**Exercise requirements:** In the entries below, which lines run from the one with "A man in a wide-brimmed" through the one with "Digestive system vector"? Repeat exactly those, both included, and no pictures.

**** Records for the task ****

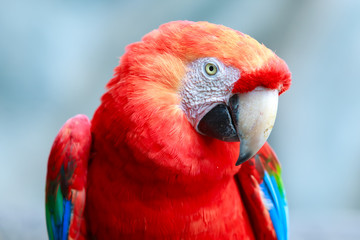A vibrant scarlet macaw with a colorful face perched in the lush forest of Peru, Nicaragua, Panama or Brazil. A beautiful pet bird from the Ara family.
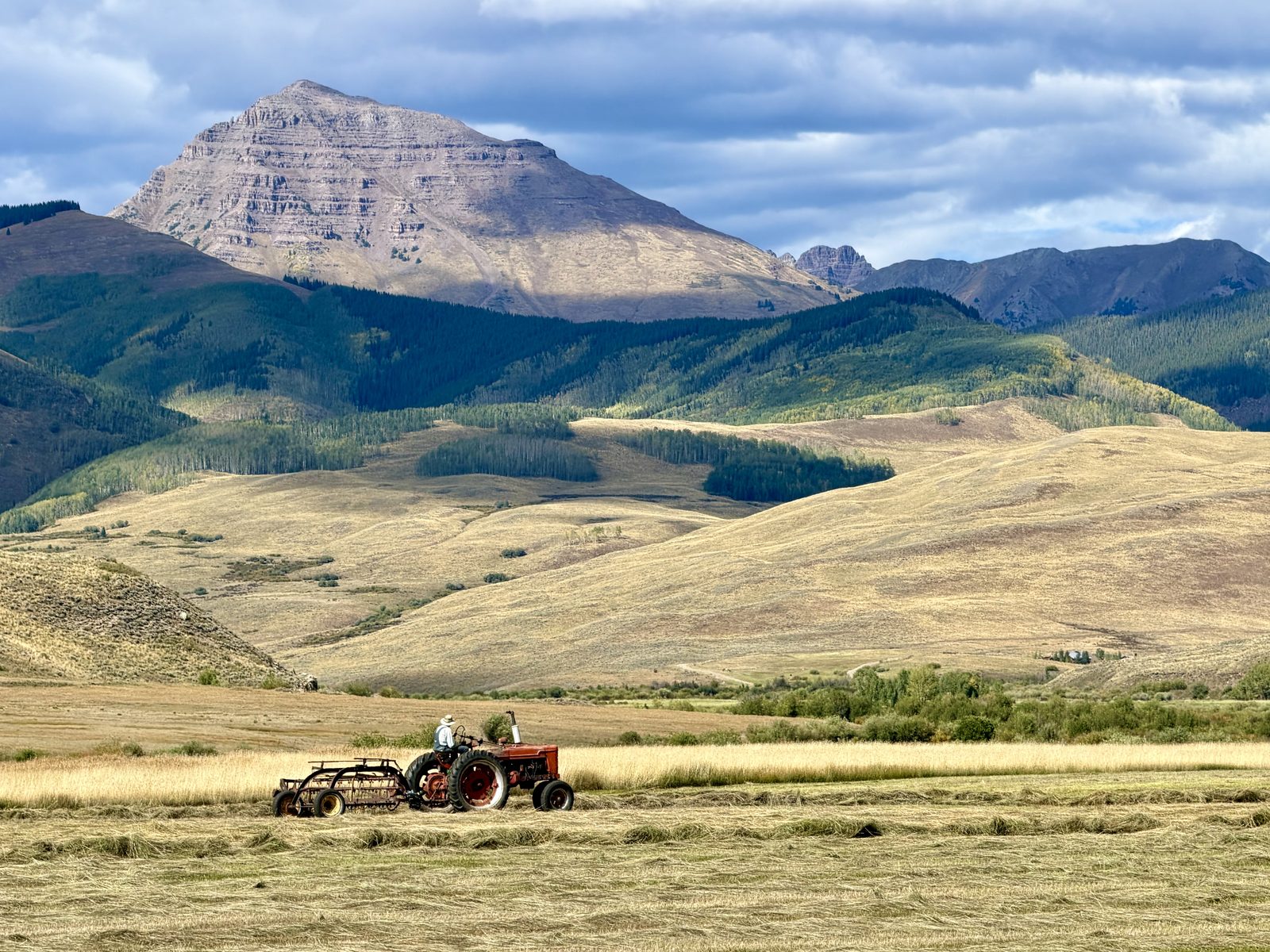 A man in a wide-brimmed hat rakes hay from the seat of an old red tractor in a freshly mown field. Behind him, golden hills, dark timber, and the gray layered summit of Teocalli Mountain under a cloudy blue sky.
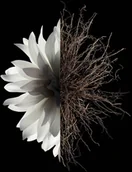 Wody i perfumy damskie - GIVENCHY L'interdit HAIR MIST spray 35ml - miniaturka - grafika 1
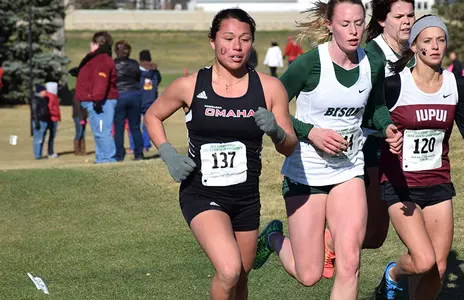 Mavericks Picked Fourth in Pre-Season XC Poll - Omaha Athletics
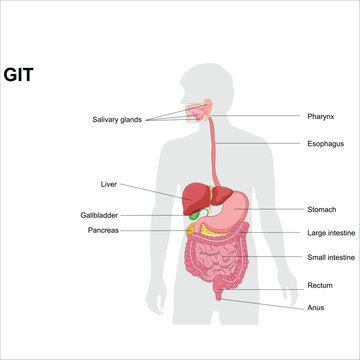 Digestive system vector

****
**** Records for the task ****

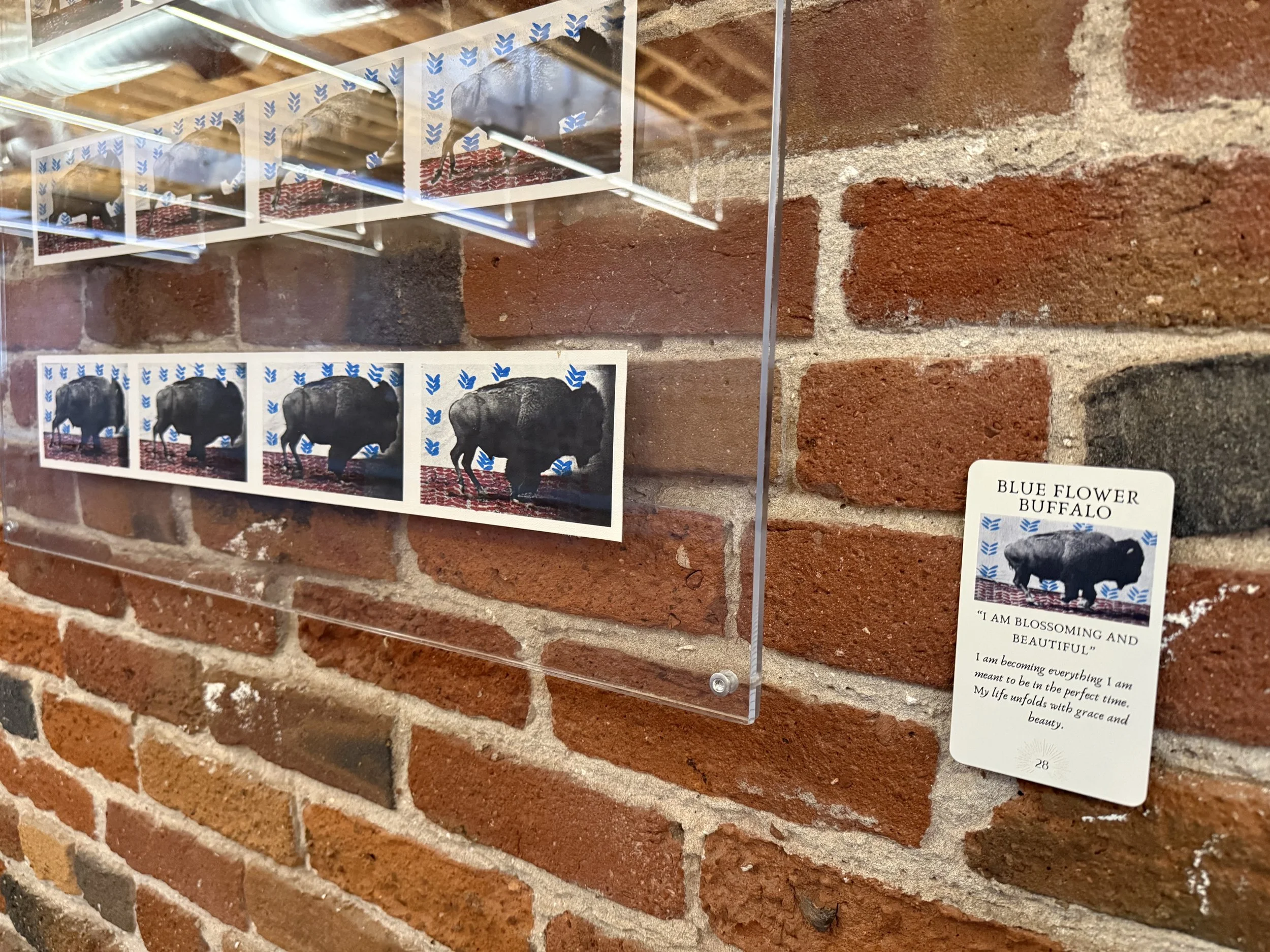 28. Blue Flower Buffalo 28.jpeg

****
**** Records for the task ****

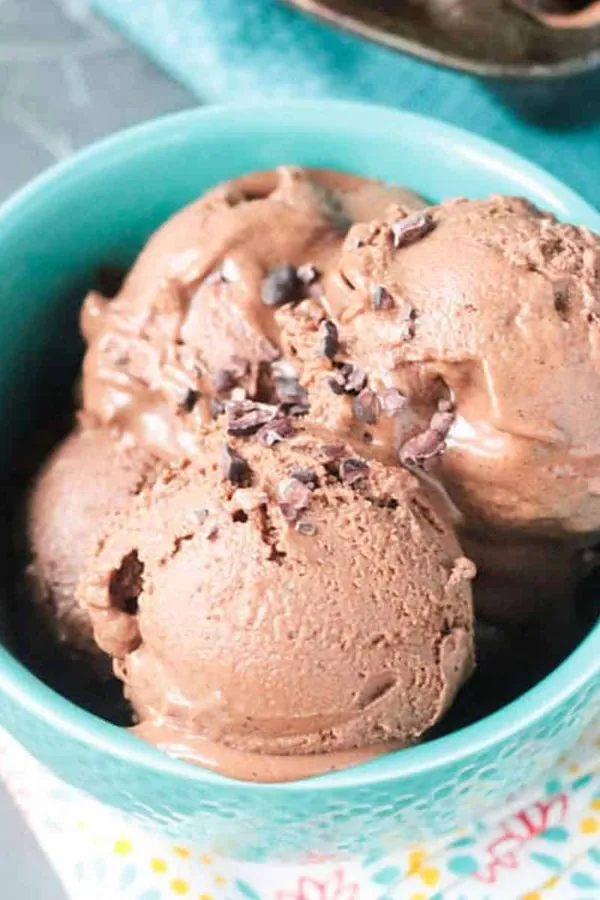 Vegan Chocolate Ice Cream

****

**Solution:**
 A man in a wide-brimmed hat rakes hay from the seat of an old red tractor in a freshly mown field. Behind him, golden hills, dark timber, and the gray layered summit of Teocalli Mountain under a cloudy blue sky.
 Wody i perfumy damskie - GIVENCHY L'interdit HAIR MIST spray 35ml - miniaturka - grafika 1
 Mavericks Picked Fourth in Pre-Season XC Poll - Omaha Athletics
 Digestive system vector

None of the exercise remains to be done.